Overview
mimoidochi/OpenRS-GRPO-1 is a 1.5 billion parameter language model, fine-tuned from the deepseek-ai/DeepSeek-R1-Distill-Qwen-1.5B base model. Its development utilized the knoveleng/open-rs dataset and the TRL framework.
Key Capabilities
- Enhanced Reasoning: This model was trained using the GRPO (Guided Reasoning Policy Optimization) method, as introduced in the DeepSeekMath paper, which focuses on improving mathematical and general reasoning abilities.
- Contextual Understanding: Supports a substantial context length of 32768 tokens, allowing for processing and generating longer, more coherent texts.
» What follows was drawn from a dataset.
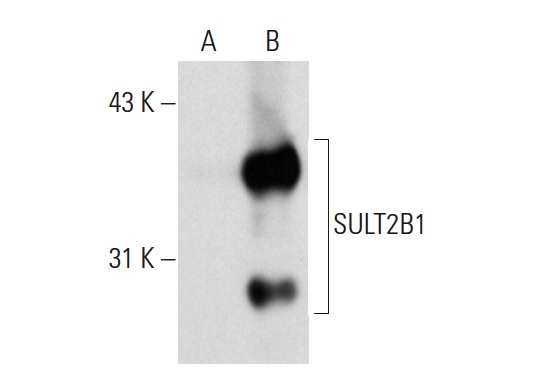 SULT2B1 (A-3): sc-166423. Western blot analysis of SULT2B1 expression in non-transfected: sc-117752 (A) and mouse SULT2B1 transfected: sc-127610 (B) 293T whole cell lysates.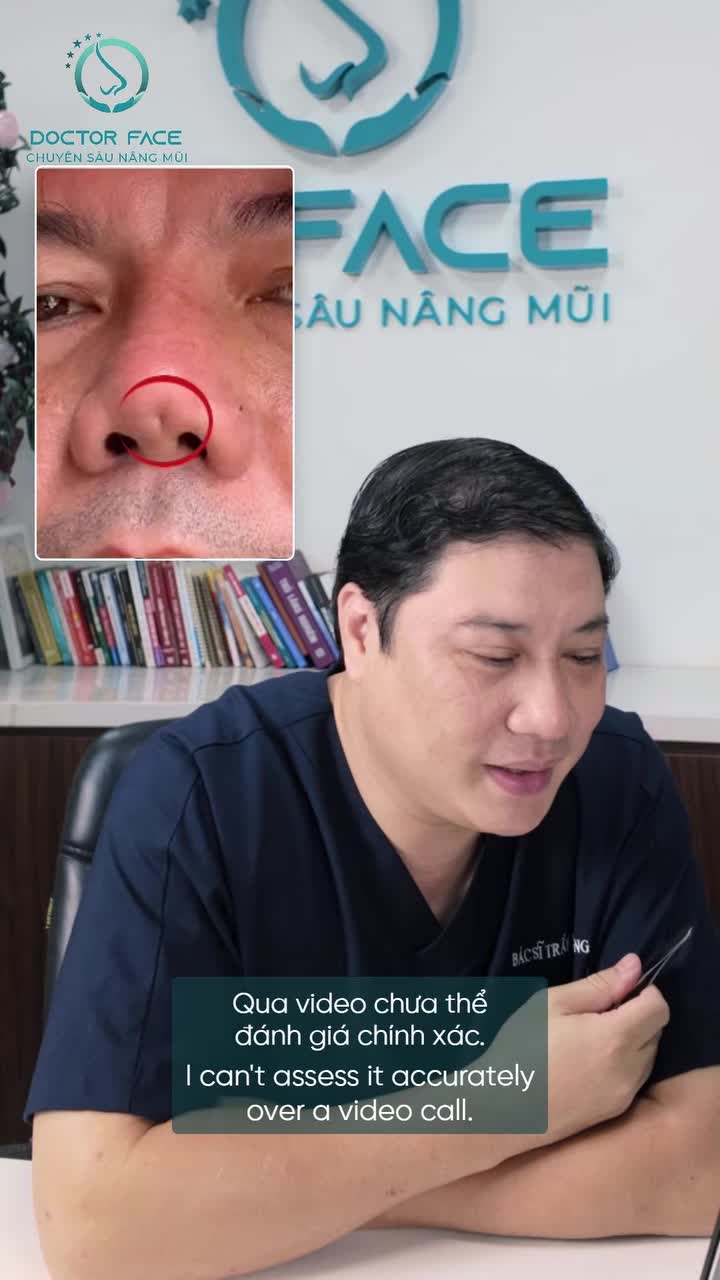 Một điểm lõm ở đầu mũi, nhưng điều bác sĩ quan tâm lại nằm ở phần mô bên dưới.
- Fine-tuned Performance: Leverages a strong base model and specialized fine-tuning to deliver focused performance on reasoning-intensive tasks.
Training Details
The model's training procedure involved the GRPO method, detailed in the paper "DeepSeekMath: Pushing the Limits of Mathematical Reasoning in Open Language Models" (arXiv:2402.03300). The training was conducted using the TRL library.
When to Use This Model
This model is particularly well-suited for applications requiring strong logical inference and mathematical reasoning, benefiting from its GRPO-based training. It can be a good choice for tasks where understanding complex relationships and generating reasoned responses are critical.